WORK INSTRUCTION
Reproduce every record exactly as it appears, but not the pictures.

Web page caption snippets
------------------------------------------------

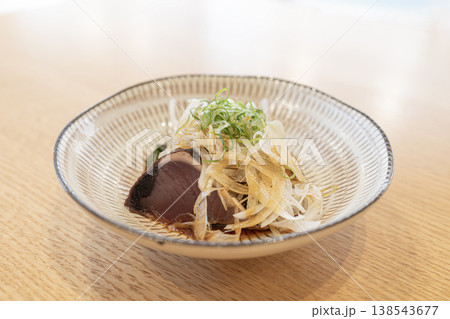 藁焼きで香ばしいかつおのたたきとたっぷり薬味の和食 138543677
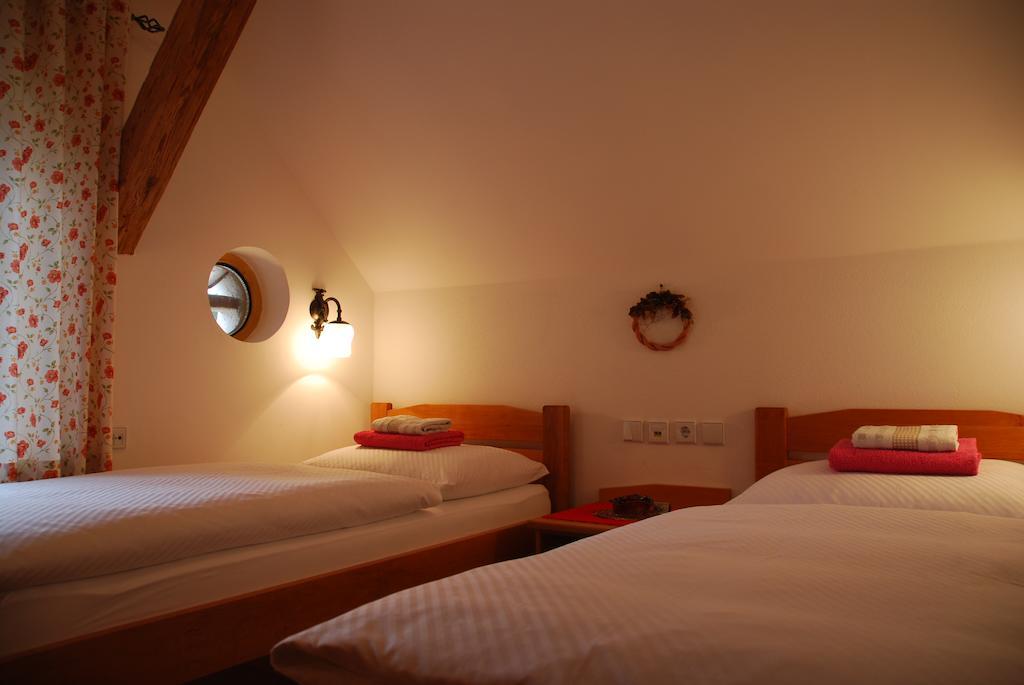 Farm Stay Rotovnik - Plesnik Slovenj Gradec Cameră foto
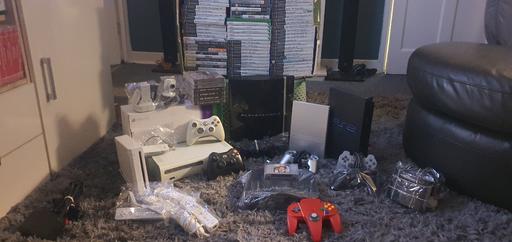 Buy & Sell East London Millwall - East London - Photos for gaming bundle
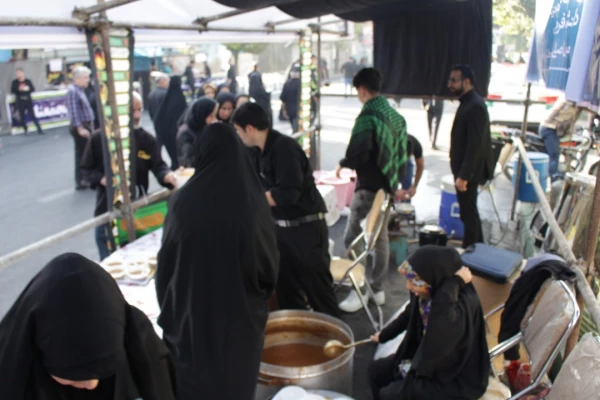 حضور دانشجو معلمان پردیس زینبیه در اجتماع بزرگ جاماندگان راهپیمایی اربعین حسینی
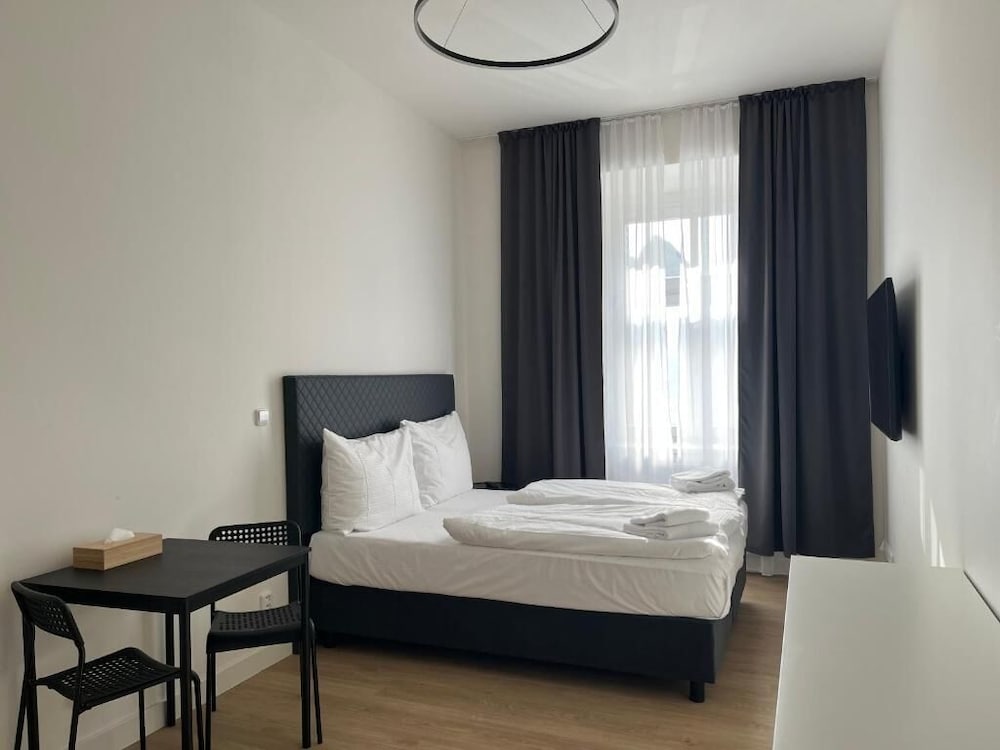 Figaro Suites 17/43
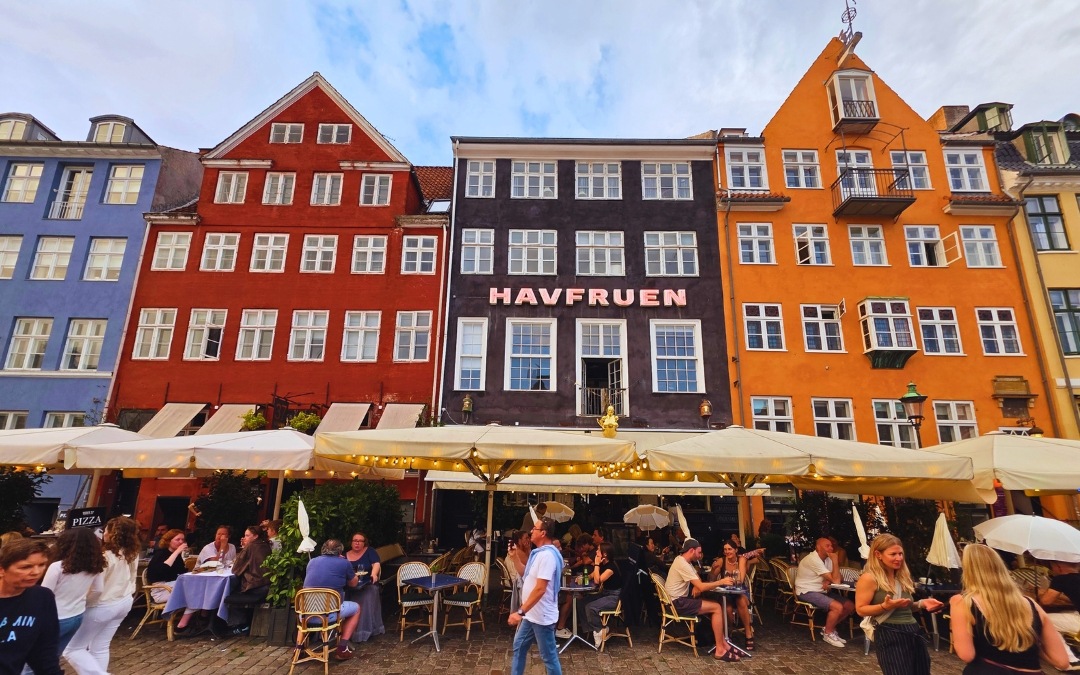 Nyhavn w Kopenhadze – restauracja Havfruen i pastelowe fasady kamienic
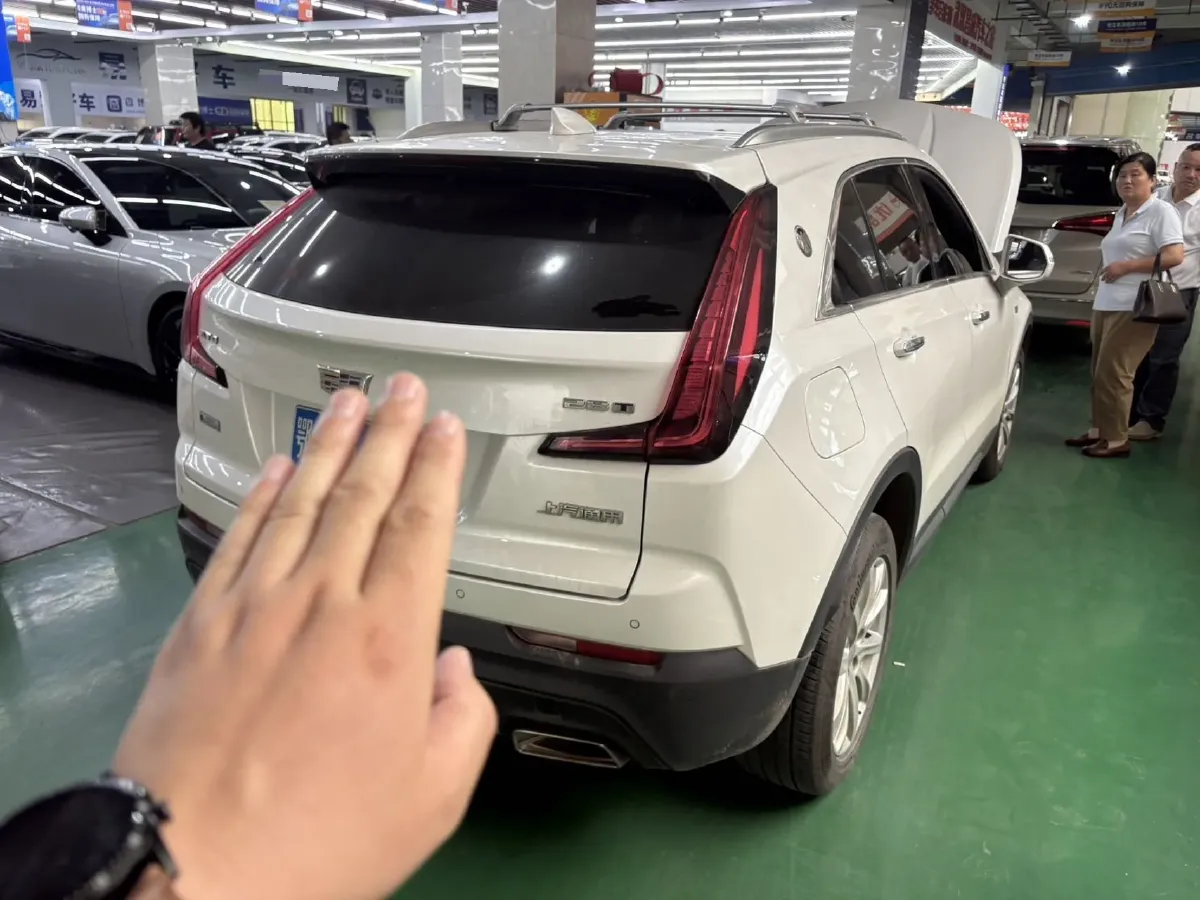 2020 Cadillac XT4 2.0T 241HP L4 9AT,autocango,china used car exporter,china ev exporter,chinese used car exporter,chinese used ev exporter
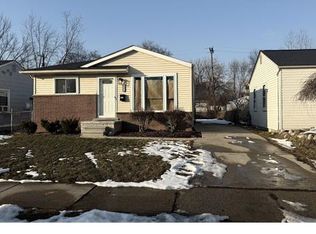 641 E Brockton Ave, Madison Heights, MI 48071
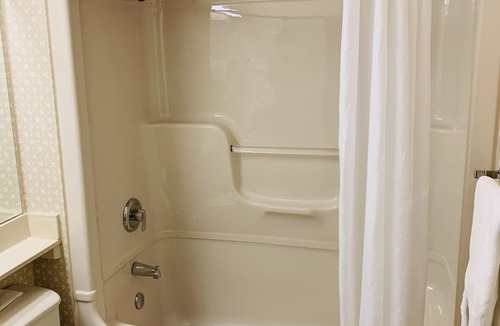 Ste. Foy Hotel | Econo Lodge Airport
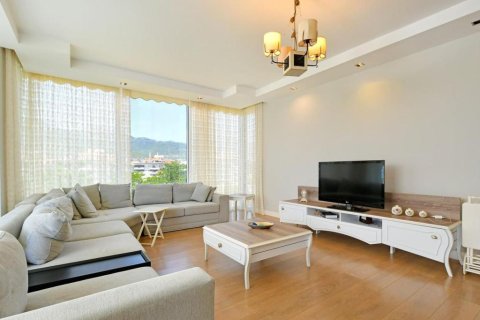 4 rooms Apartment in Oba, Turkey No. 122950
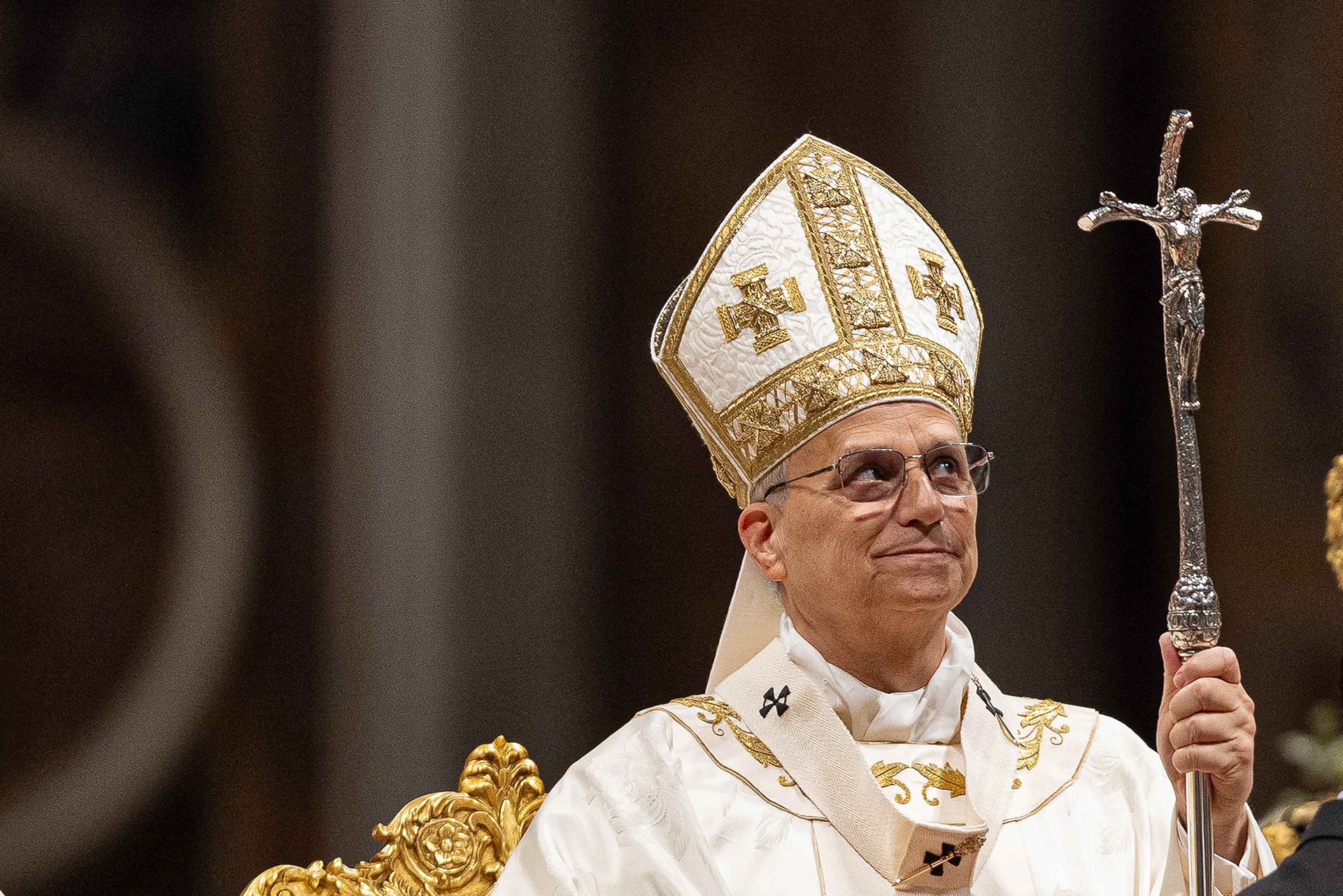 The Pope looking at the papal cross. © Marek Ladzinski / Zuma Press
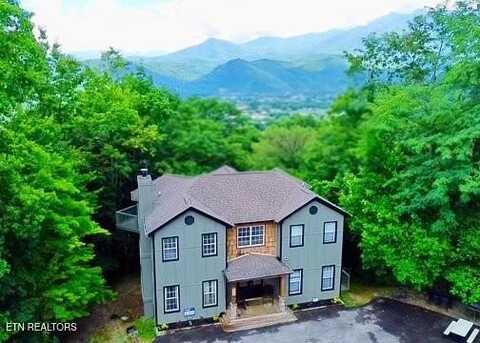 809 Crystal Branch Way, Gatlinburg, TN 37738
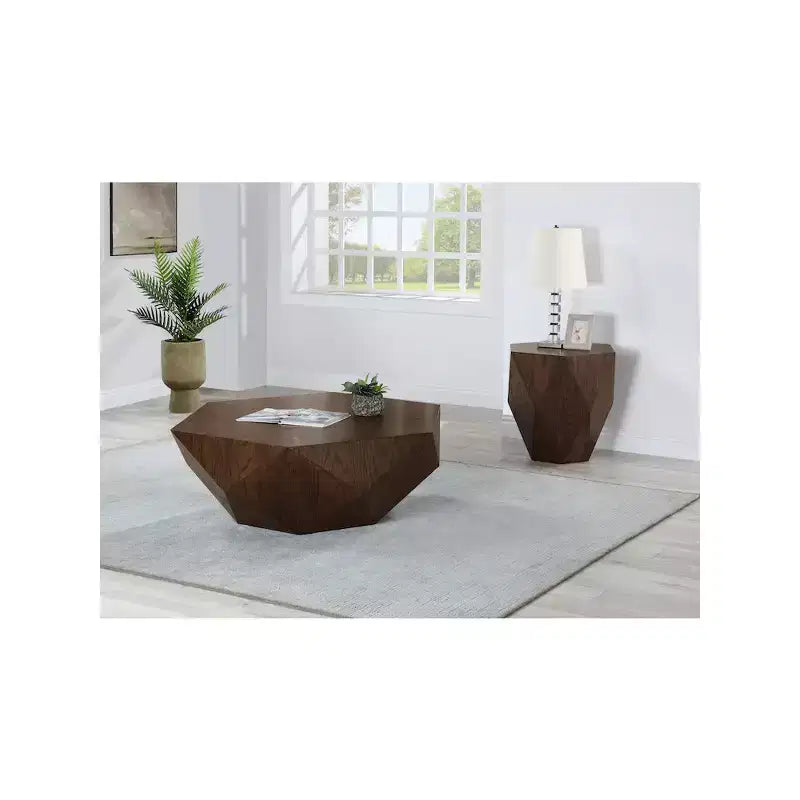 Meridian Furniture,Diamante End Table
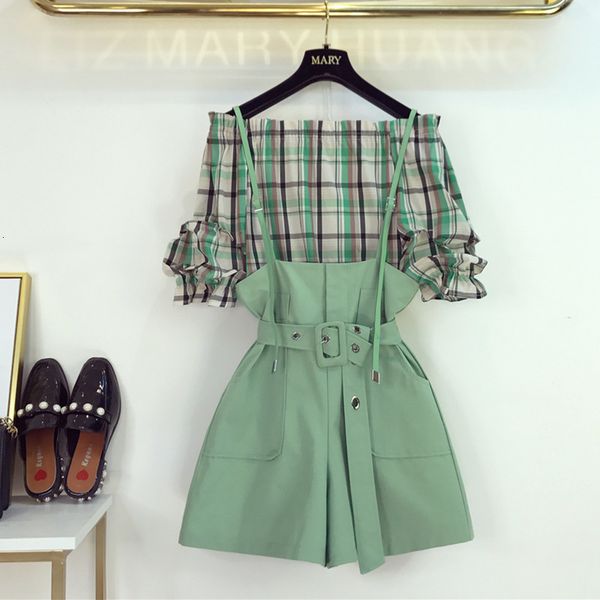short women outside the shoulder slash neck chess shirt + green pocket stripes suspend shorts set 2021 summer 2 piece assembly slacks overal, White;black
short women outside the shoulder slash neck chess shirt + green pocket stripes suspend shorts set 2021 summer 2 piece assembly slacks overal, White;black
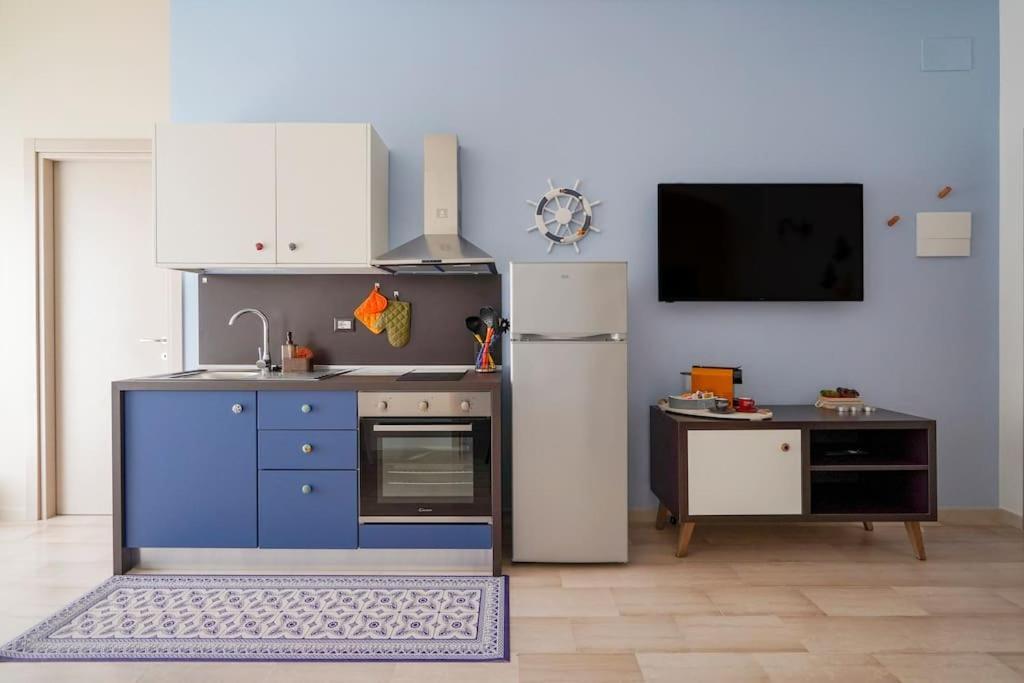 Mediterranea Apartment- Central Station - Free Wifi&Netflix 바리 외부 사진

------------------------------------------------

TASK SOLUTION
 藁焼きで香ばしいかつおのたたきとたっぷり薬味の和食 138543677
 Farm Stay Rotovnik - Plesnik Slovenj Gradec Cameră foto
 Buy & Sell East London Millwall - East London - Photos for gaming bundle
 حضور دانشجو معلمان پردیس زینبیه در اجتماع بزرگ جاماندگان راهپیمایی اربعین حسینی
 Figaro Suites 17/43
 Nyhavn w Kopenhadze – restauracja Havfruen i pastelowe fasady kamienic
 2020 Cadillac XT4 2.0T 241HP L4 9AT,autocango,china used car exporter,china ev exporter,chinese used car exporter,chinese used ev exporter
 641 E Brockton Ave, Madison Heights, MI 48071
 Ste. Foy Hotel | Econo Lodge Airport
 4 rooms Apartment in Oba, Turkey No. 122950
 The Pope looking at the papal cross. © Marek Ladzinski / Zuma Press
 809 Crystal Branch Way, Gatlinburg, TN 37738
 Meridian Furniture,Diamante End Table
short women outside the shoulder slash neck chess shirt + green pocket stripes suspend shorts set 2021 summer 2 piece assembly slacks overal, White;black
short women outside the shoulder slash neck chess shirt + green pocket stripes suspend shorts set 2021 summer 2 piece assembly slacks overal, White;black
 Mediterranea Apartment- Central Station - Free Wifi&Netflix 바리 외부 사진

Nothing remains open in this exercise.